In the next post, the moderator responded with the list description:
ANAHITA-L is a scholarly list for the discussion of women and gender in the ancient Mediterranean world. Discussion topics include: women's work, legal status, social roles -- both public and private, intellectual life, religious activities, and men's views on women. The discussions should be based upon historical, archaeological, linguistic, literary and other evidence from the ancient world and the various interpretations of this evidence. There are many interpretations of the source material and we encourage a variety of approaches, including controversial authors such as Stone and Gimbutas. These latter authors may be discussed critically but they are not to be taken as the 'final word' on any topic. Some familiarity with original source material is expected.But he ended this post ended ominously, writing:"we're watching..."

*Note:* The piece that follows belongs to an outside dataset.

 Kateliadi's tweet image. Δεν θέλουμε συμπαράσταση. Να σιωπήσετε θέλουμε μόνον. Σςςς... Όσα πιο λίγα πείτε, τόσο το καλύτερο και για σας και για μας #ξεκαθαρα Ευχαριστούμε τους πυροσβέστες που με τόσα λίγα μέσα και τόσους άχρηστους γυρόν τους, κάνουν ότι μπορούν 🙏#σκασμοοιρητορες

Four days later, at a point at which it seemed that through admirable persistence, several Goddess scholars seemed to be making some headway with factual evidence, the moderator ended the discussion with a post (1288) saying, in part:
It has become apparent that the discussion is no longer about women in the ancient world but rather is about bashing 'academe' (for reasons which seem more 'personal' than 'academic') and not really discussing anything....Since (at least at this writing) the list posts are publicly available, you can read them and decide for yourself whether they are about "bashing academe" or whether this "reason" is an excuse for shutting up a discussion of a subject (and even use of certain words!) uncomfortable for some group members.

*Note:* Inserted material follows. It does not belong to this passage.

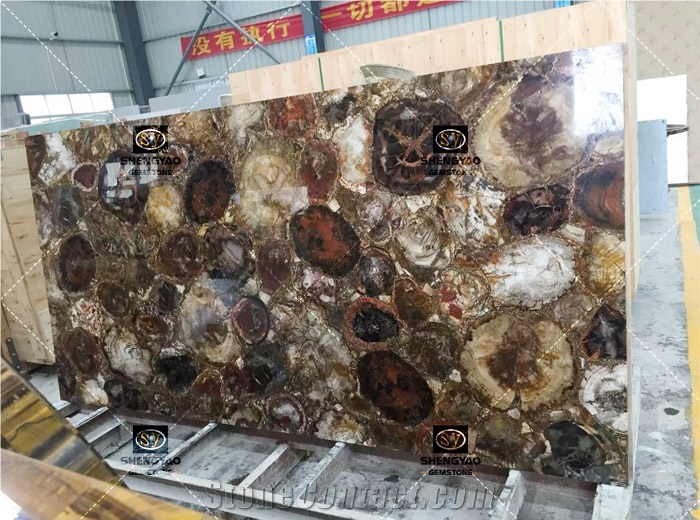 Natural Petrified Wood Slab for Sale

As such, and keeping in mind that this is an ACADEMIC list, the current discussion of any approaches which are based on overuse of the suffix -archy shall be considered
closed....Any complaints may be sent directly to me...but I seriously doubt I'll attempt to respond.
TAGS: life news anthropology Anahita-l Marija Gimbutas Catal Hoyuk womens studies Ancient Near East
Labels: anthropology, archeology, slights
2 Comments:
This shutdown happened just as those of us who were challenging the unilateral repudiations of Gimbutas as "disproven" were making headway. That was put a stop to, by fiat.

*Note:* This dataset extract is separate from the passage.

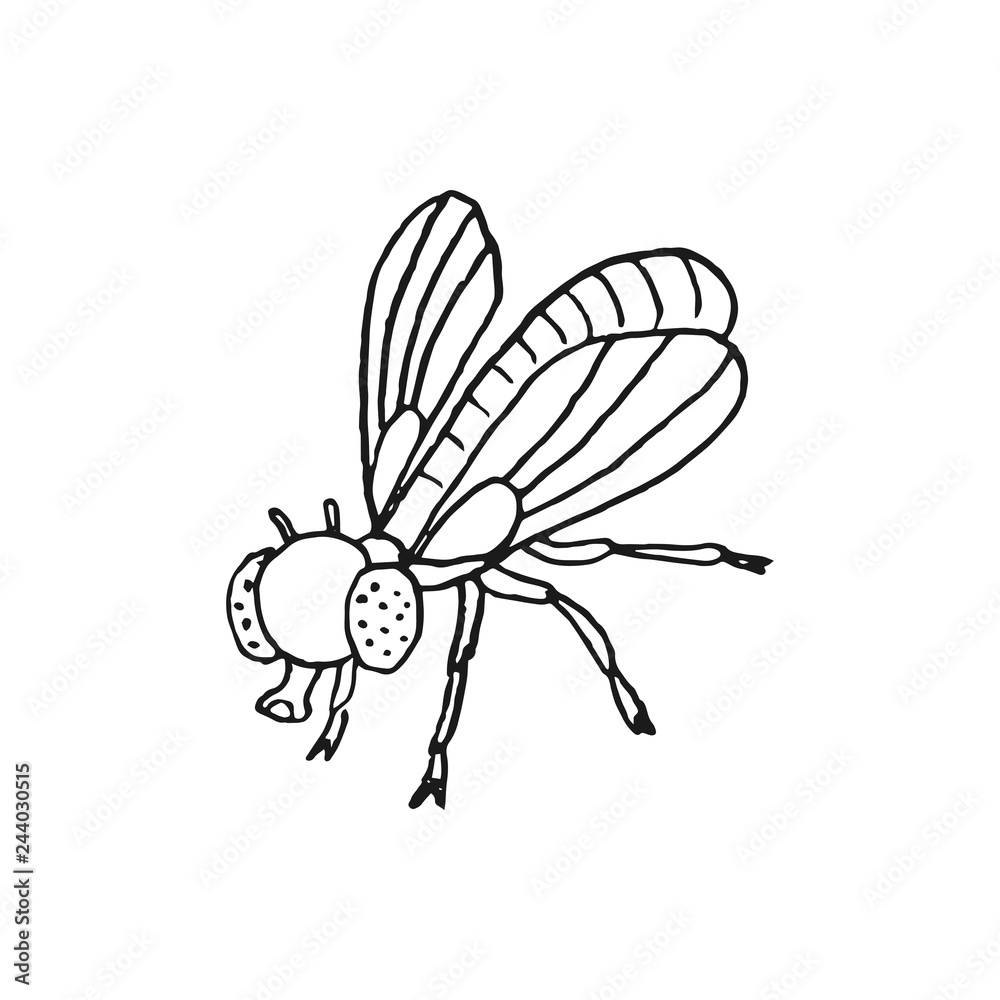 fly vector doodle sketch isolated on white background fly vector doodle sketch isolated on white background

The cracks about New Age and outer space theories show how far we have to go. The New Age slur is extremely popular as a way to shut down debate and automatically rule non-doctrinal viewpoints out of bounds. Plenty of women are intimidated by it. That it is inaccurate does not count.
I am appending my last post, which was not responded to, addressing the claim that "the evidence" was all on the side of those who reject any possibility of the neolithic civilizations being mother-right cultures, or to put it another way, showing signs of being other than patriarchal and dominance-based.
Max Dashu
This post on Anahita-L is dated Saturday, March 1:
(Elizabeth Sikie wrote)
"But according to the discussion on these listserves, there is an argument that there is no dominant paradigm that any "sane" defense of evidence can't stand up to."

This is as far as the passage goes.